Friday, October 22, 2010

[Winhpcug] Einladung: Windows-HPC in Wirtschafts- und Finanzwiss. am 05.11. in Köln

Am 05.11.2010 findet in Köln ein eintägiges Treffen (10:00 - 17:00 Uhr) der
Benutzergruppe mit Schwerpunkt auf den Wirtschafts- und Finanzwissenschaften
statt. Dazu kommt die Diskussion neuer Technologien wie dem Windows HPC
Server 2008 R2. Mehr Informationen finden Sie im angehängten Flyer sowie auf
der Webseite , die auch eine Anmeldemöglichkeit bietet.

Anmeldung and die WINHPCUG Mailingliste:
Winhpcug@lists.rwth-aachen.de
https://mailman.rwth-aachen.de/mailman/listinfo/winhpcug

Friday, October 15, 2010

Lectures and seminars of the HPC group

Interested in topics in and around HPC for your studies?


Than have a look at the official homepage .


Find all lectures and seminars here.

Wednesday, October 13, 2010

NVIDIA CUDA TCC Driver Released 260.83

Just today Nvidia released the WHQL certified Tesla Compute Cluster driver TCC 260.83 for usage in e.g. Windows 2008 Server/HPC.
Till now only a beta version was available
With that special driver you have the ability to use GPGPU compute resources via RDP or via WindowsHPC batch processing mode.

Download the driver here


/edit:
Actually installing this driver broke my working environment. So be sure to keep a backup of the system. Even reinstalling the beta version did not solve the problem.

Tuesday, October 12, 2010

Win2008 HPC Server and CUDA TCC

Nvidia now provides a beta driver called Tesla Compute Cluster (TCC) in order to use CUDA GPUs within a windows cluster environment. Not only remotely via RDP but also in batch processing. Till now, the HPCServer lacked this ability, as Windows did not fire up the graphics driver inside the limited batch logon mode.

My first steps with TCC took a little bit longer than estimated.

First of all It is not possible to have a NVIDIA and AMD or INTEL GPU side by side as Windows needs to use one unified WDM and thats either one or the other vendor. This was completely new to me.

After this first minor setback and reequipped with only the tesla C2050 the BIOS did not finish, so be sure to be up to date with your BIOS revision.
Another NVIDIA card was the quick fix on my side.

Next thing is the setup. Install the 260 (currently beta) drivers and the exclamation mark in the device manager should vanish.
After that install the toolkit and SDK if you like.
With the nvidia-smi tool, which you find in one of the uncountable NVIDIA folders which are there now, you can have a look if the card is initally correctly recognized.
As well set the TCC mode of the Tesla card to enabled if you want to have remote cuda capabilities:

nvidia-smi -s --> shows the current status
nvidia-smi -g 0 -c 1 --> enables TCC on GPU 0


Next thing you want to test the device query coming with the SDK.
If it runs and everything looks fine, feel gifted!

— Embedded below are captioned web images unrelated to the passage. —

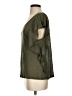 Hinge 100% Modal Green Short Sleeve T-Shirt Size S - photo 5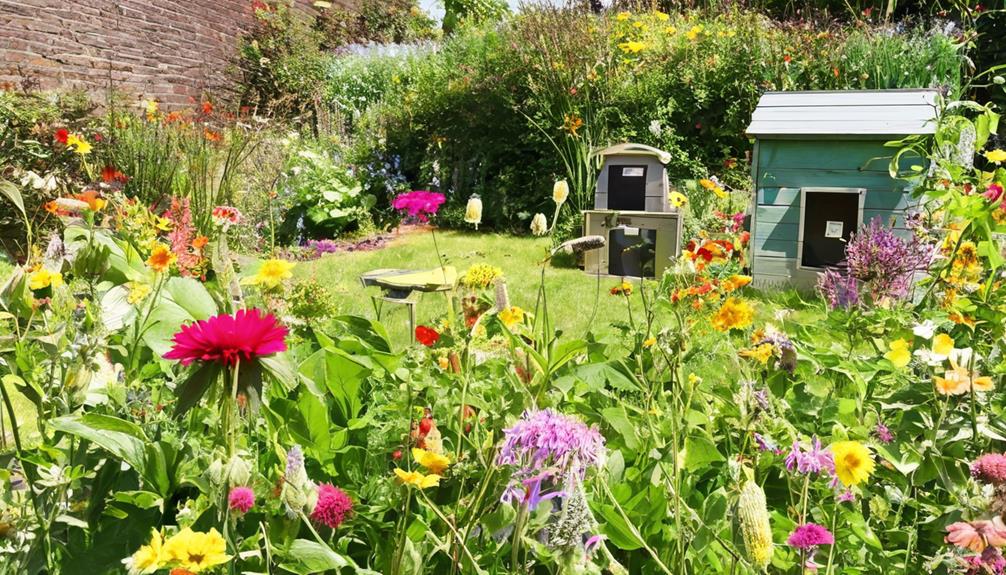 caring for your bee friendly garden
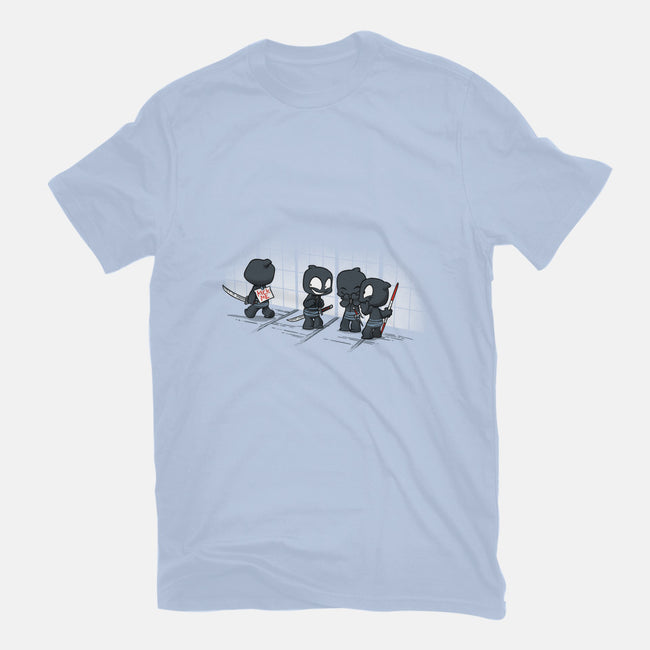 Oblivious Ninja: Bullies-mens heavyweight tee-DoOomcat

Nothing did run on my setup. So first of all I tried to build the SDK example myself. Therefore first of all build the Cuda utilities, lying somewhere in the SDK within the folder "common".
Depending on the Nsight or TK version you have installed you get an error when opening the VS project fles . The you need to edit the visual studio with a text editor of your choice and replace the outdated build rule with the one actually installed.

  • In the error message get to the folder where VS does not find the file.

  • Copy the path and go there with your file browser

  • Find the file most equal to the one in the VS error message.

  • Once found open the VS file and replace the wrong filename there with the correct one

  • VS should open



In order to compile, add the correct include and library directories to the VS project.
Finally you can build deviceQuery or any other program.

Still this setup gave me the same error as the precompiled deviceQuery:
cudaGetDeviceCount FAILED CUDA Driver and Runtime version may be mismatched.

With the help of the DependencyWalker i found out that a missing DLL was the problem, namely:
linkinfo.dll.

You can get this by adding the feature named "Desktop Experience" through the server manager.
Once installed and rebooted the device query worked.